I, too, have spent Hitchcockian moments in front of the mirror, wondering whatever it could be that I could do to change what I saw. I guess that's why Hollywood wunderbabes are such a fantasy for both men and women - how would it feel to wake up and have something decadent gaze demurely back at you while you were brushing your teeth?
In my youth I fantasized about what I would look like if I could diminish the size of my nose. And as fate would have it, I recently saw a preview of Nicole Kidman as Virginia Woolf with an appendage that changed her into another human being. Interesting that, and then, maybe not. And yet again, maybe.

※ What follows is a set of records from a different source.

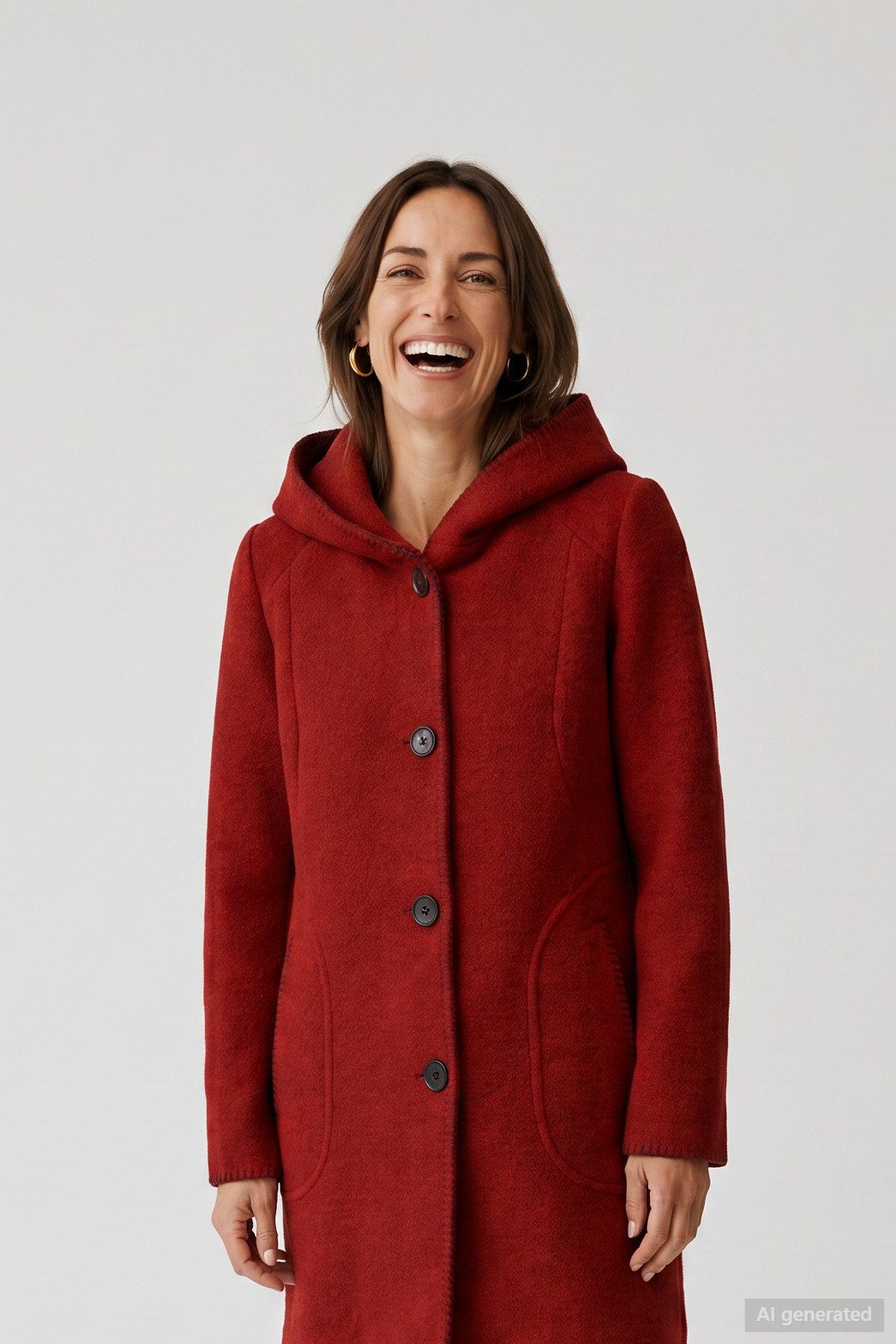 Barbara Lebek Wolljacke Wintermantel oder Damenmantel mit Innentasche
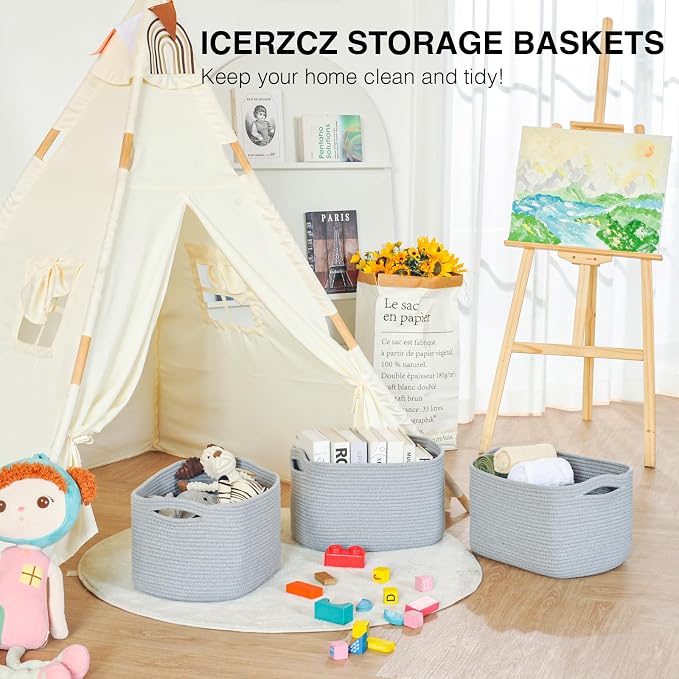 ICERZCZ Storage Baskets for Organizing Shelves, Woven Cotton Rope Bins for Baby Nursery Organization, Book Toy Towel Organizer, 15"x11"x9.5", 3 Packs, Grey - Image 6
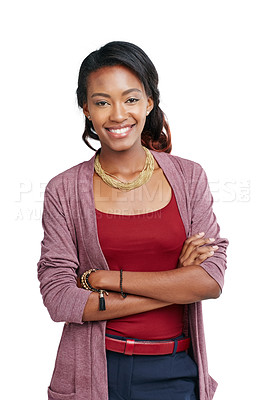 Buy stock photo Black woman, portrait and arms crossed on promotion mockup, isolated marketing space or advertising mock up. Smile, happy and model in trendy, cool or stylish brand clothes on white background mockup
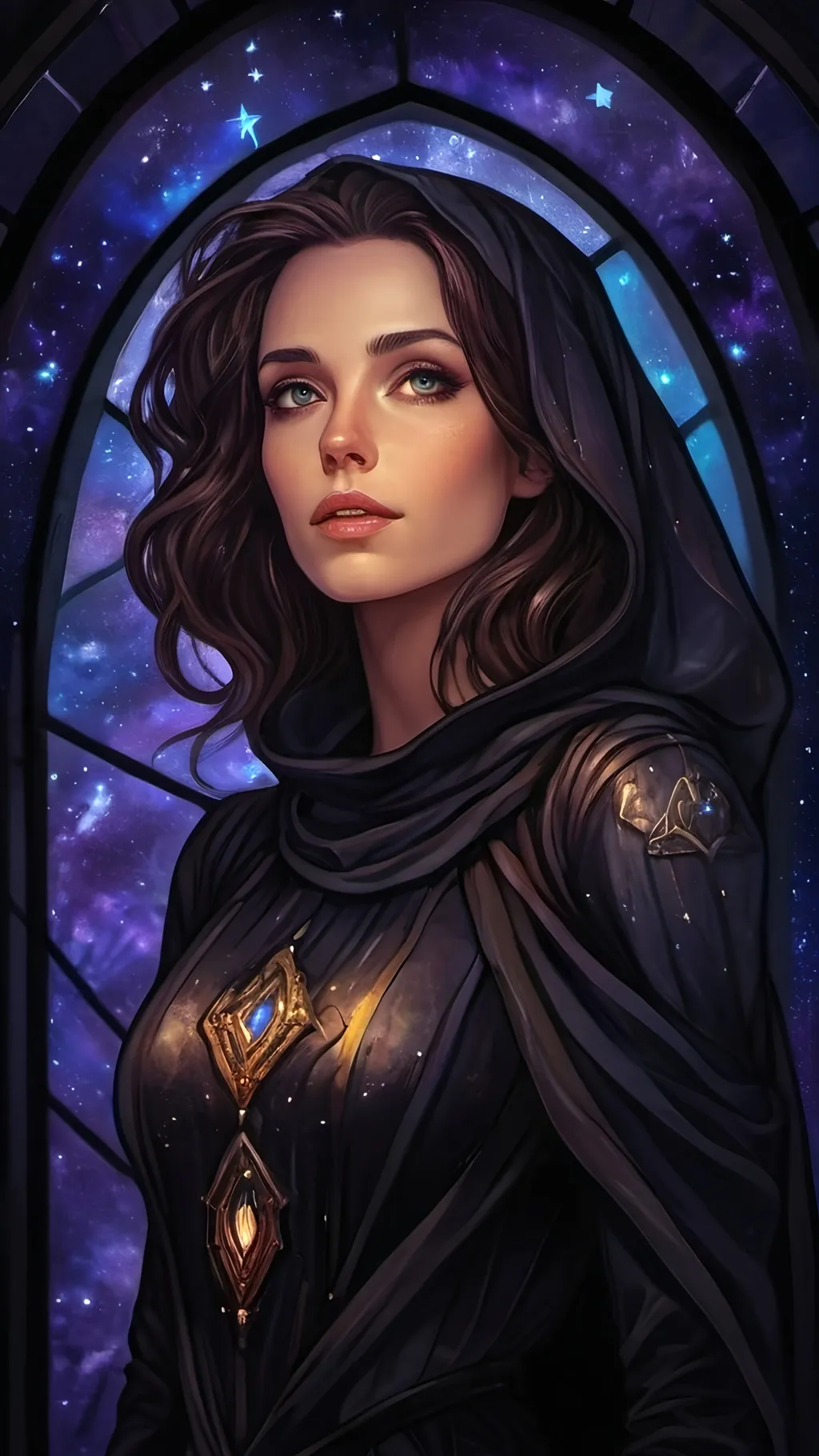 Prompt: A futuristic lanky elegant female seer Floating aimlessly in the dark depths of space. She is wearing an intricate organic baggy black dress with a black cowl. There are plentiful stars and galaxies in the blackened night. Color enhance, High contrast, vector style, enhance reflections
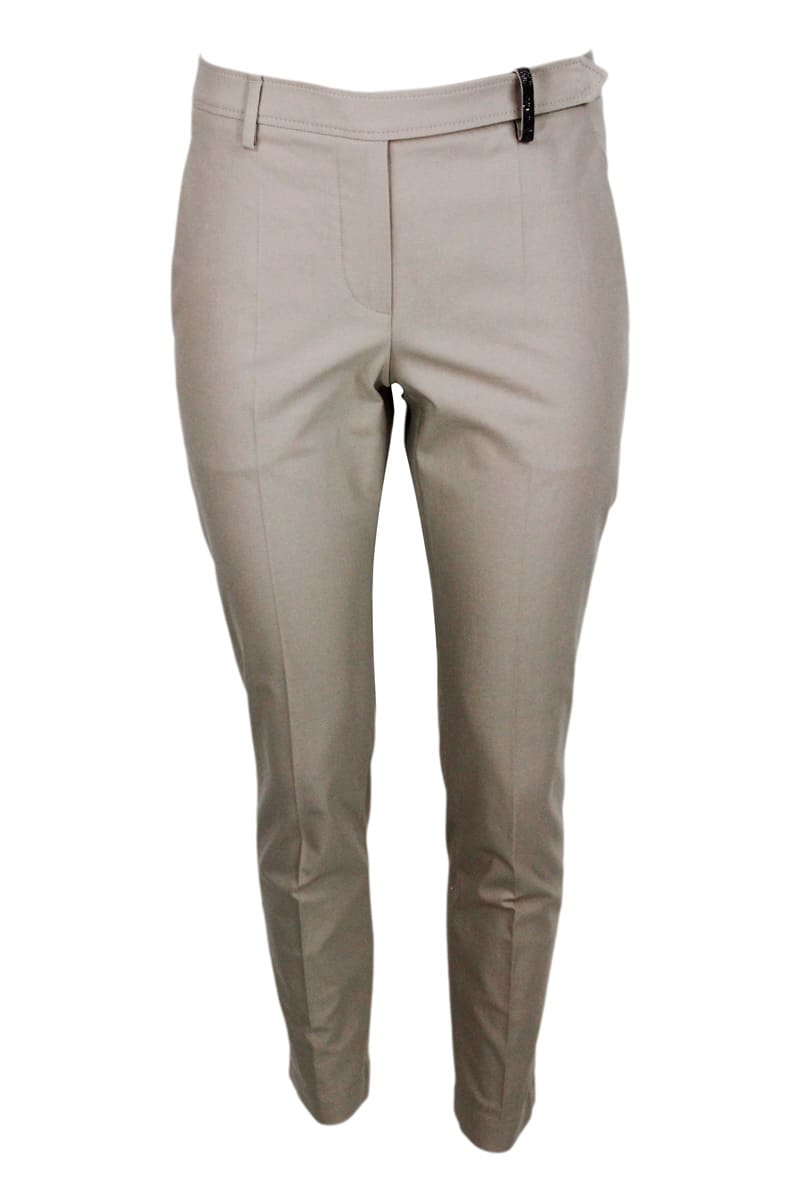 Cropped slim-leg trousers - Neutrals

A few years ago I was having cocktails at a friend's, and a mutual co-worker made a point of directing a story towards me about a friend of hers that, after having a nose job, lived happily ever after. I failed to make the connection. But then, after seeing Jennifer Grey from Dirty Dancing become an entirely different person after her nosectomy, I had to ask myself, where did the other Jennifer go?
Isn't our exterior a mysterious thing? I see so many young people out to abuse it, so many middle-aged people out to preserve it, and then the ones in the middle who just want to change it. What is it about our skin that makes us think that others might see someone we are not? More questions!
We are human beings after all, and to a certain degree we do believe that what you see is what you get, and what you have is what you are. I remember being a shy and awkward adolescent, feeling that no one would be able to know who I really was because I was trapped in a body that made me feel alien and inadequate; and the world seemed to respond accordingly. Or was it so simple?
It takes a lot of guts to take on your true self - to look yourself in the mirror and smile back at what you see. In this regard I think I have come along way, but even now, as I edited myself, I saw that I had written: "And as fate would have it, I was Nicole Kidman as Virginia Woolf with an appendage that changed her into another human being."
Interesting that, and maybe not. And yet again, maybe.